#### [TASK REQUIREMENTS]
A word-for-word copy of every entry below is required; the images do not belong in it.

◆ ◆ ◆ ◆ ◆ ◆ ◆

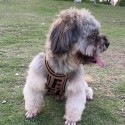 フェンディ/FENDI 犬服夏服薄手チョッキ式タイダイチョッキ薄手チョッキ猫毛抜け防止通気性中小型英セーター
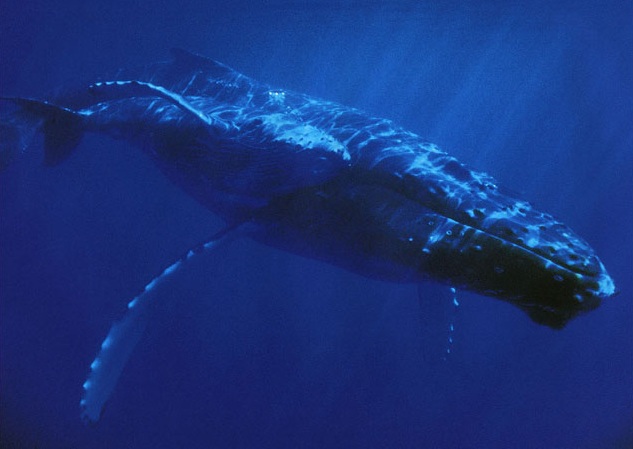 gambar hewan - foto ikan paus terbesar di dunia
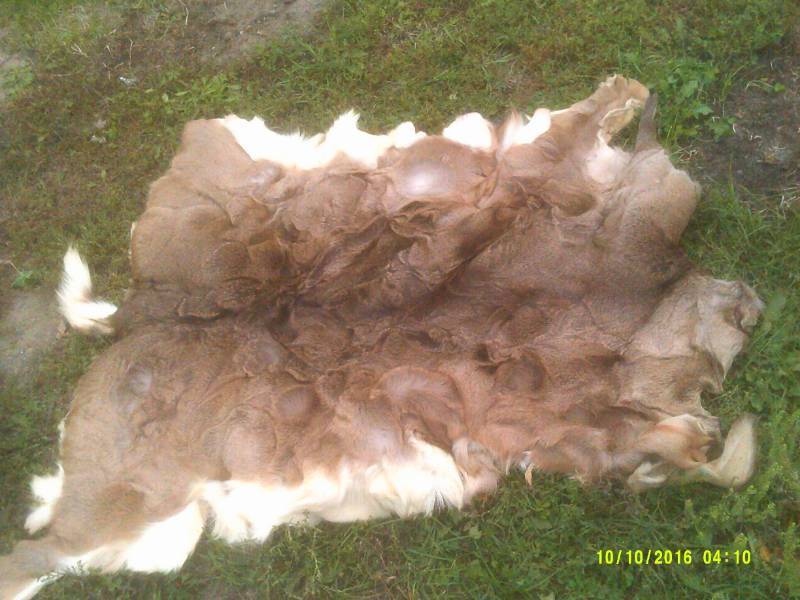TANNED DEER HIDE
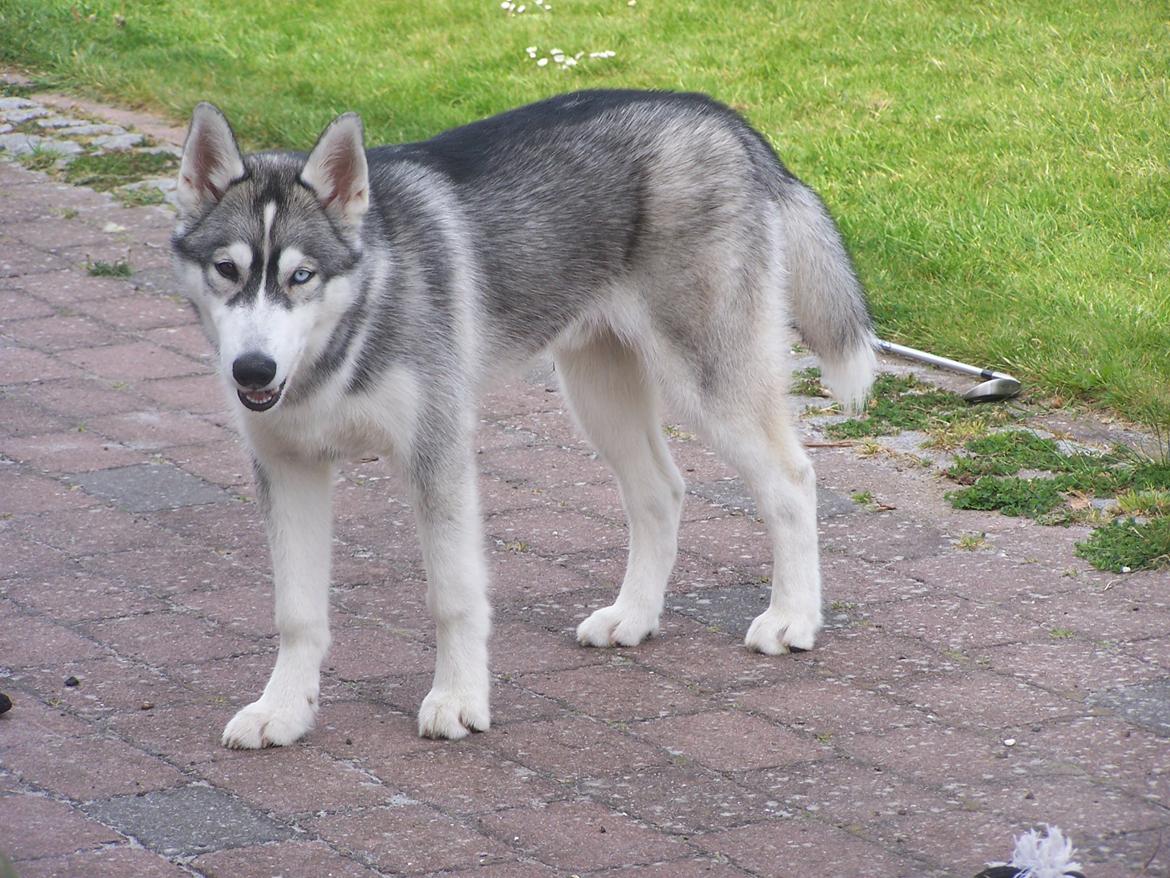 Siberian husky Aslan billede 2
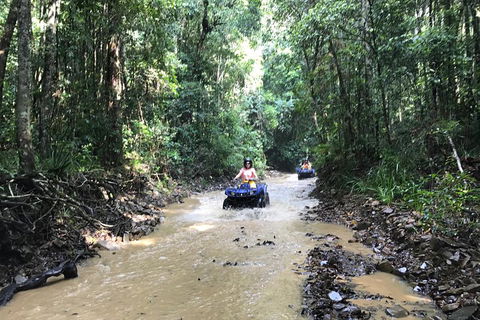 Cairns ATV Adventure Tour And Morning Train - Yamba Accommodation 1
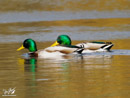 Mallard Duck - Kaczka Krzyżówka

◆ ◆ ◆ ◆ ◆ ◆ ◆

#### [ANSWER AREA]
 フェンディ/FENDI 犬服夏服薄手チョッキ式タイダイチョッキ薄手チョッキ猫毛抜け防止通気性中小型英セーター
 gambar hewan - foto ikan paus terbesar di dunia
TANNED DEER HIDE
 Siberian husky Aslan billede 2
 Cairns ATV Adventure Tour And Morning Train - Yamba Accommodation 1
 Mallard Duck - Kaczka Krzyżówka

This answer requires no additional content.